Von hier aus kann man in ca. 3 Stunden nach Seewis absteigen oder die Talfahrt wieder einmal mit einem Trottinett beschleunigen. Ich folge weiter der Nummer 72. Wenn schon, denn schon. Über das Altsäss und ein paar romantische Alphütten führt der Weg in einen Wald und bald wieder steil den Berg hoch. Es folgt eine weitere Hangquerung mit viel losem Geröll und immer wieder steilen Abgründen zur Linken, rechts blicke ich zu Tschingel und Hornspitz hoch. Vor mir erhebt sich das Glegghorn. Bei Stürfis macht der Weg eine Kurve. Hier kann man via Fläscher Alp zur Bergstation der Älplibahn wandern und mit dieser ins Tal fahren. Ebenfalls erreicht man von hier aus die schönen Fläscher Seen. Das wäre bei schönerem Wetter eine Option für eine weitere Nacht da draussen gewesen, aber der Himmel ist immer noch grau verhangen. Ich folge weiter dem Prättigauer Höhenweg, der führt nun runter und dem wilden Canibach entlang wieder raus aus dem Tal.

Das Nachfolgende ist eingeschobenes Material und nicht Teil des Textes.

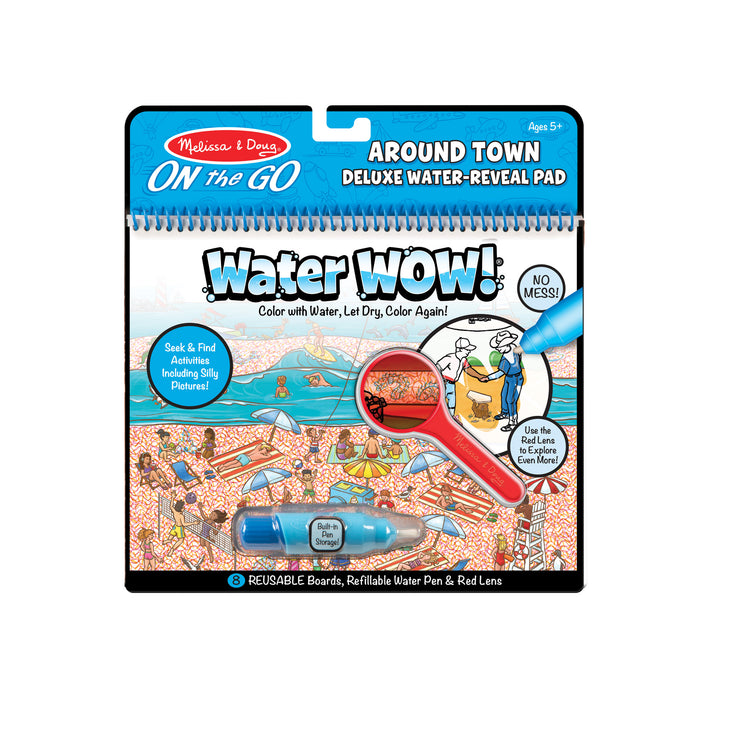 The front of the box for The Melissa & Doug On the Go Water Wow! Reusable Water-Reveal Deluxe Activity Pad – Around Town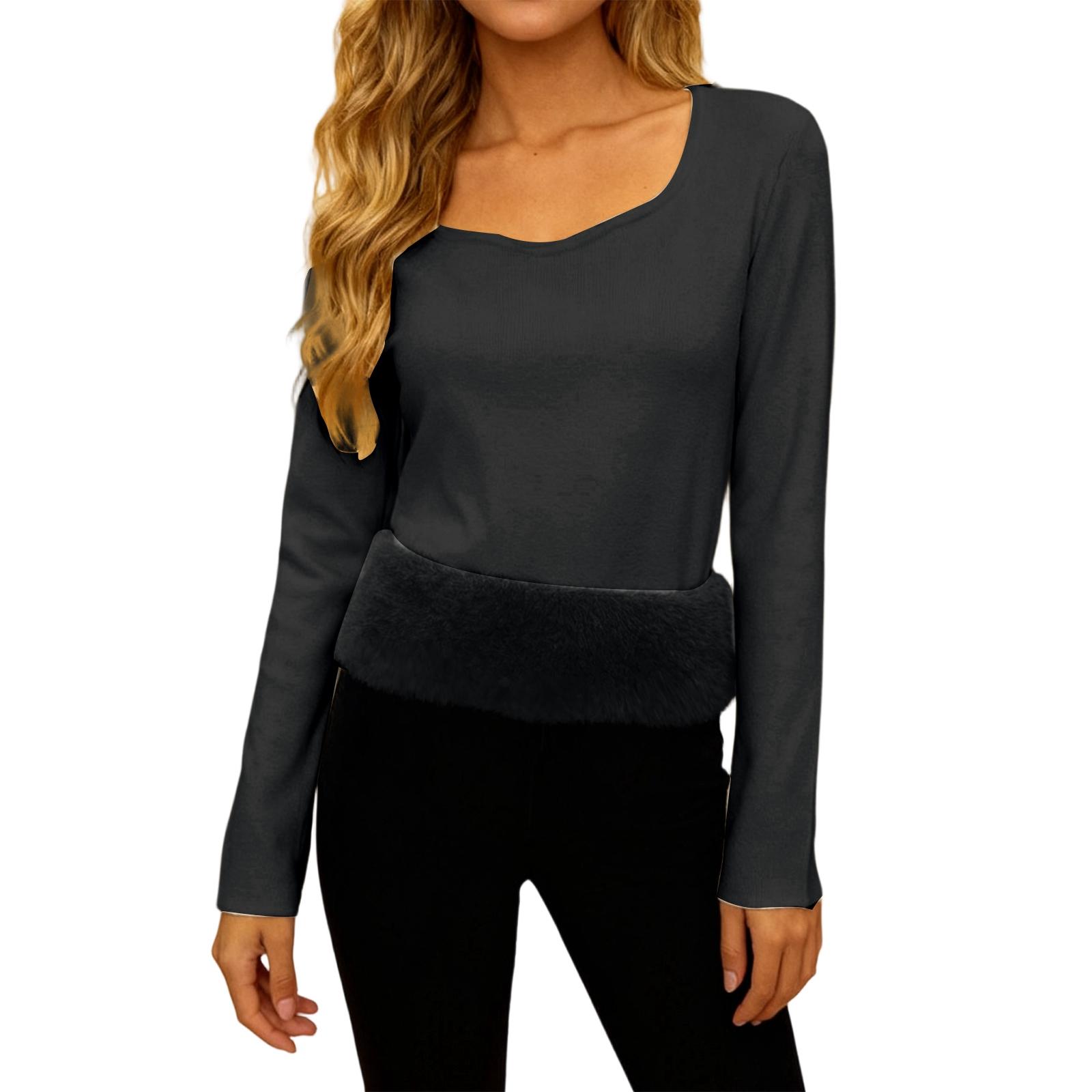 

Женский модный и повседневный однотонный базовый топ с длинным рукавом и флисовой подкладкой One Size чёрный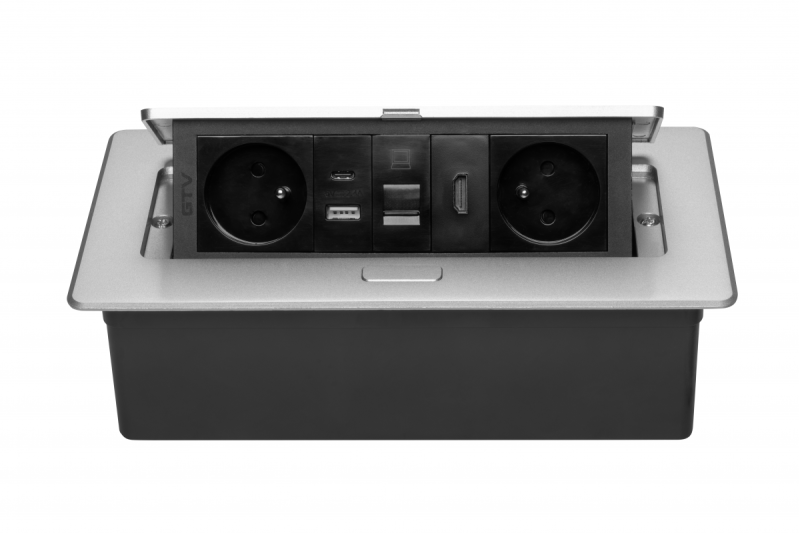 Toma de corriente para muebles MULTISOFT 2x Toma con toma de tierra, USB A+C, RJ45, HDMI, Cable de alimentación con enchufe, Aluminio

Langsam hellt sich der Himmel doch noch auf und ich bekomme sogar noch etwas Blau zu sehen. Meist auf der Fahrstrasse zieht sich der Weg lange hin bis Seewis. Ich bin froh, als ich schlussendlich das kleine Dorf erreiche, mir tun Füsse und Knie weh. Mein Prättigauer Höhenweg endet hier, ich steige in das Postauto nach Landquart. Und ich habe Glück, das nächste fährt in 20 Minuten, ansonsten hätte ich lange warten müssen, denn die Postautos fahren nicht sehr regelmässig. Manchmal lohnt sich der Verzicht auf Kaffee und Kuchen… Der offizielle Höhenweg führt noch weiter via Fadärastein nach Malans und endet in Landquart.
Fazit
Der Prättigauer Höhenweg ist eine sehr abwechslungsreiche Weitwanderung. Landschaftlich bietet er sehr viel: eindrückliche Kalktürme, Tiefblicke ins Prättigau, artenreiche Alpenblumen, glitzernde Bergseen sowie charmante Alpen, Dörfer und Hütten.
Die Wanderung ist durchaus familientauglich und mit einigen zusätzlichen Gipfelbesteigungen ist sie auch für den ambitionierten Bergwanderer sehr interessant. Die Etappen lassen sich mit diversen Grenzüberschreitungen nach Österreich erweitern und verlängern. Und natürlich kann man die Abfahrten immer mal wieder mit einem Trottinett beschleunigen.
Der Prättigauer Höhenweg ist ein wunderbarer kurzer Weitwanderweg in beeindruckender Kulisse und ich kann wirklich empfehlen, ihn selbst mal unter die Füsse zu nehmen.